Il primo ministro al timone
Un aspetto chiave nella gestione della pandemia sta nella comunicazione efficace e coerente. Come altri paesi, l’Albania ha istituito un comitato tecnico di esperti incaricato di prendere decisioni per contenere l’epidemia. Tuttavia, il lavoro del Comitato è stato caratterizzato da poca trasparenza sulle sue competenze e sulla misura in cui le sue raccomandazioni sono state convertite in decisioni politiche. Fino ai primi di maggio, non si sapeva nemmeno il nome del presidente del Comitato.
La pandemia ha offerto un’opportunità al primo ministro Edi Rama, che ha preso il timone della comunicazione con una presenza costante sui social media e sull’emittente online ERTV. Solo nel primo mese di lockdown, Rama ha pubblicato 407 post su Facebook (13 al giorno) e 47 ore di video , dando così vita alla prima esperienza di governance tramite i social media in Albania.
"Fondamentalmente, il primo ministro ha monopolizzato non solo il contenuto (ciò che apprendiamo e pensiamo sulla crisi), ma anche la cornice (in che modo pensiamo alla crisi) e i mezzi (come riceviamo le informazioni)", spiega Blerjana Bino, co-fondatrice di Science and Innovation for Development (SCiDEV).
La maggior parte delle decisioni è stata pubblicata per la prima volta sull’account Facebook di Rama e successivamente nella Gazzetta ufficiale, mentre le "conferenze stampa" erano in realtà chiuse ai giornalisti.
La centralizzazione dell’informazione è stata motivata con la necessità di combattere disinformazione e "infodemia" sul coronavirus. Tuttavia, "la narrazione bellica del governo minaccia i diritti umani e le libertà, nonché la libertà dei media, in modo sproporzionato rispetto alla situazione", sostiene Bino.
Media sotto attacco
La "messa in quarantena" dell’informazione ha portato ad una generale mancanza di trasparenza e responsabilità sulla gestione della pandemia da parte del governo, confermando ancora una volta il disprezzo di quest’ultimo nei confronti dei media. I media nazionali hanno avuto scarse opportunità di informare il pubblico e contrastare la narrazione del governo.

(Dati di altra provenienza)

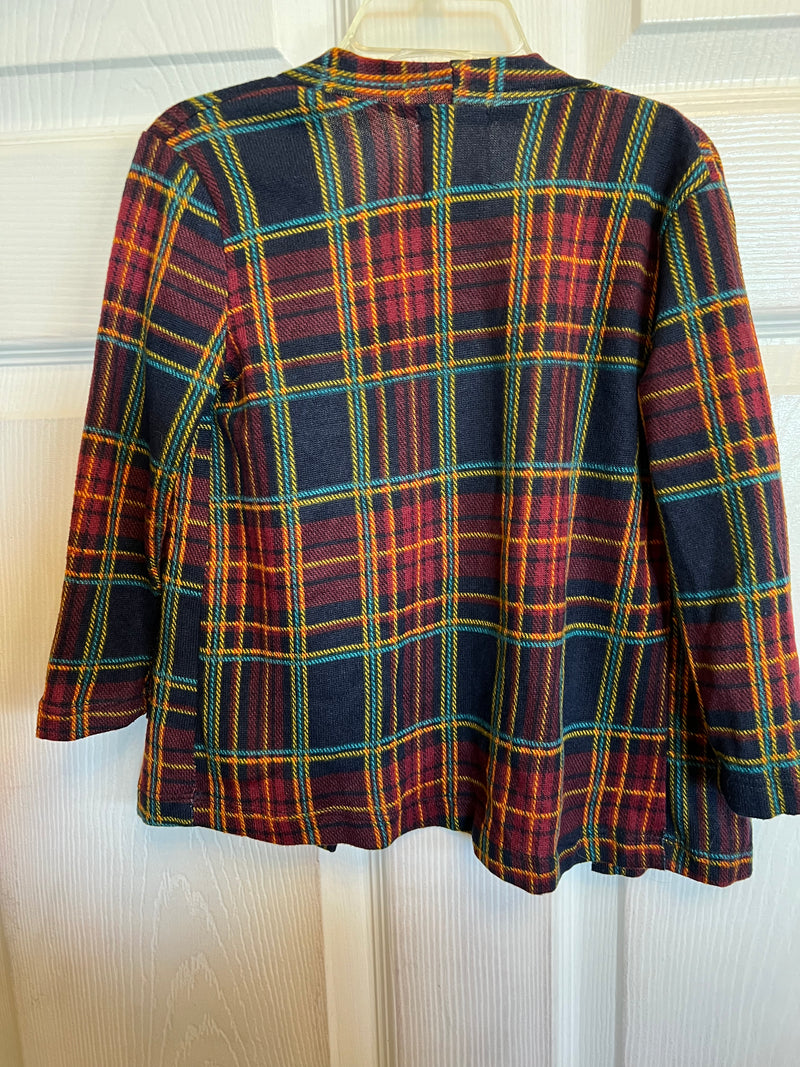 Kids Plaid Cardigan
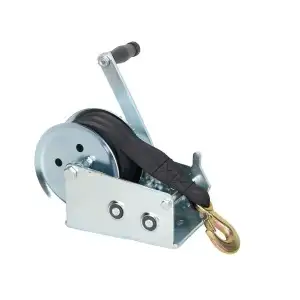 купить Лебедка ручная TOR ЛФ-2500 (FD) г/п 1,0 т длина ленты 10 м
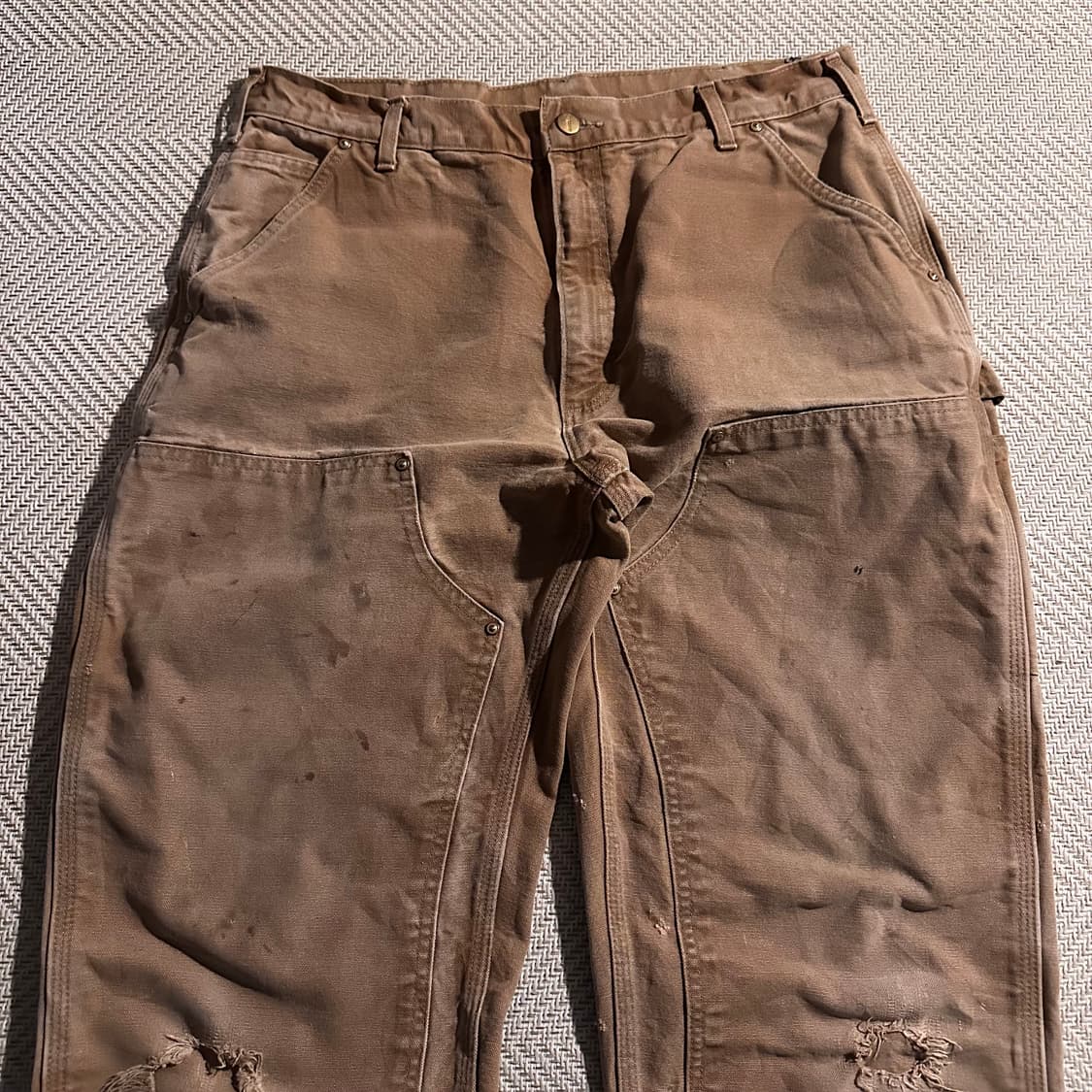 빈티지 칼하트 더블니 B01 USA 상품이미지3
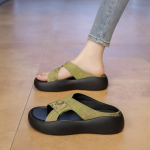 Lahedad sussid naiste suvine 2025 uus v&auml;ljas k&auml;imiseks platvorm vabaaja rannasandaalid laisk mood rasedad naised &uuml;he s&otilde;naga sandaalid 40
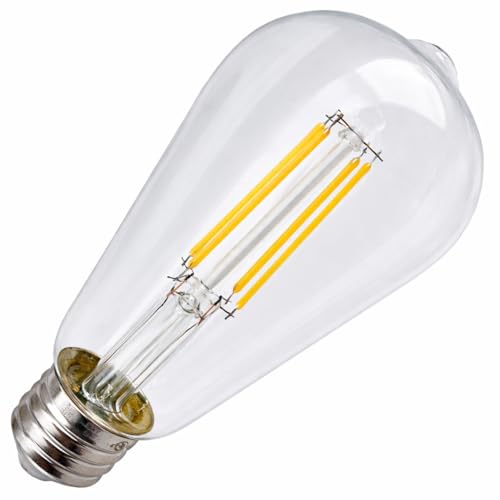 Replacement for Feit ST1960/CL/927CA/2, 8.8 Watt, E26, ST19 Vintage St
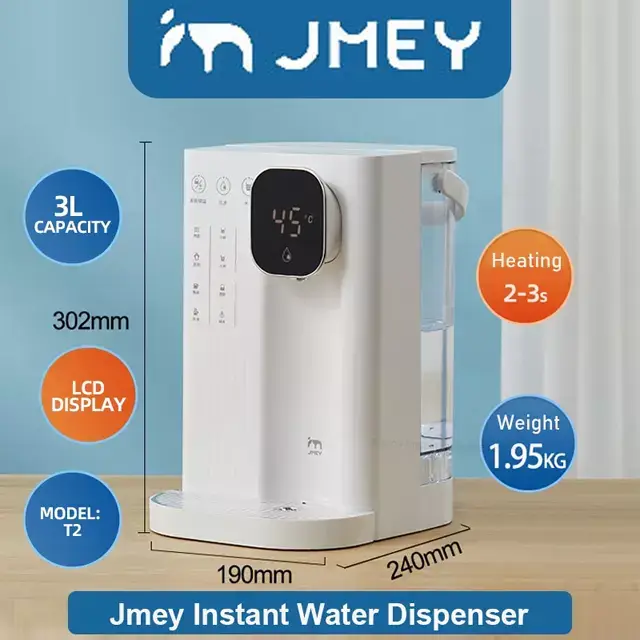 Xiaomi JMEY T2 Digital Hot & Cold Water Dispenser 3L LCD Electric Kettle with Automatic Temperature Control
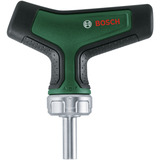 Bosch Heimwerken & Garten Bit-Ratschenschraubendreher T-Griff grün/schwarz, Drehmoment bis 46 Nm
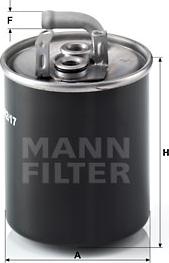 Mann-Filter WK 842/17 - Filtro carburante autozon.pro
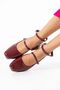 Women's High Heeled Shoes Burgundy Evening Dress Short Heeled Patent Leather - Daily and Special Occasion Use - 8
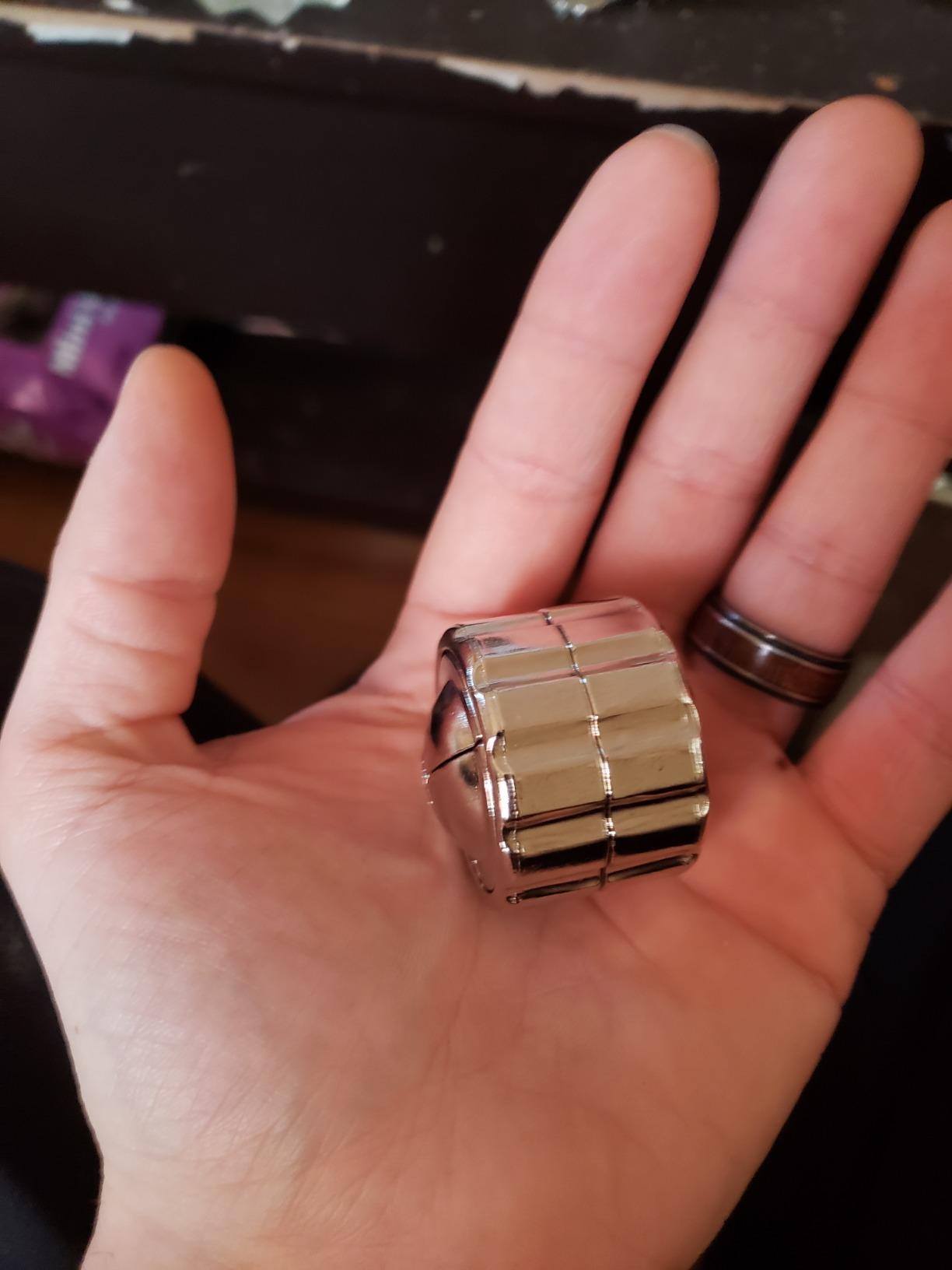 BePuzzled |Cylinder Hanayama Metal Brainteaser Puzzle Mensa Rated Level 4, for Ages 12 and Up customer photo 2
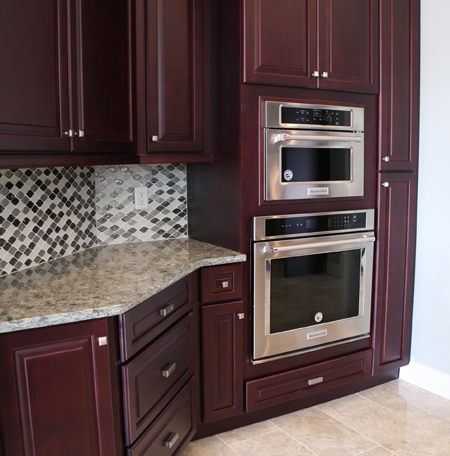 custom kitchen with countertops, and appliances in orlando fl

L’ostilità nei confronti dei media è diventata evidente alla fine di marzo, quando il primo ministro ha inviato un messaggio vocale ai telefoni cellulari dei cittadini, avvisandoli di rimanere al sicuro e di "proteggersi dai media". Non è la prima volta che il governo mostra una posizione così drastica contro la libertà dei media: all’inizio di quest’anno ha adottato un controverso pacchetto "anti-diffamazione", attualmente in fase di revisione da parte della Commissione di Venezia.
“Viviamo una pericolosa crisi di comunicazione. Secondo me, il governo albanese è uno di quei regimi che usano il coronavirus per interessi particolari e a breve termine”, afferma Lorin Kadiu, direttore esecutivo dell’organizzazione Citizens Channel. "Abbiamo sollevato preoccupazioni sul monopolio dell’informazione e la volontà di silenziare le voci critiche", aggiunge.
Durante la pandemia, un precedente è stato creato dall’Ispettorato nazionale della sanità, che ha multato la TV privata Ora News per presunta violazione delle regole di distanziamento sociale durante due programmi in prima serata. Inoltre, l’Ispettorato ha raccomandato la sospensione delle trasmissioni. La decisione è stata dichiarata sproporzionata e politicamente motivata dalle organizzazioni dei media. La pressione dell’opinione pubblica ha portato al ritiro di tutte le misure da parte dell’Ispettorato una settimana dopo.
Nonostante le restrizioni, i media hanno cercato di dare spazio a valutazioni alternative da parte degli esperti, in particolare coinvolgendo le competenze mediche della diaspora. "Esperti di alto livello sono stati presenti sui media e hanno risposto alle preoccupazioni dei cittadini, ma hanno ripetutamente taciuto su importanti questioni relative alla trasparenza e al diritto dei cittadini di sapere”, afferma Kadiu. Tuttavia, "rispetto allo spazio in prima serata dedicato ai soliti analisti e opinionisti, direi che le analisi degli esperti rimangono in una certa misura emarginate nella sfera pubblica", conclude Bino.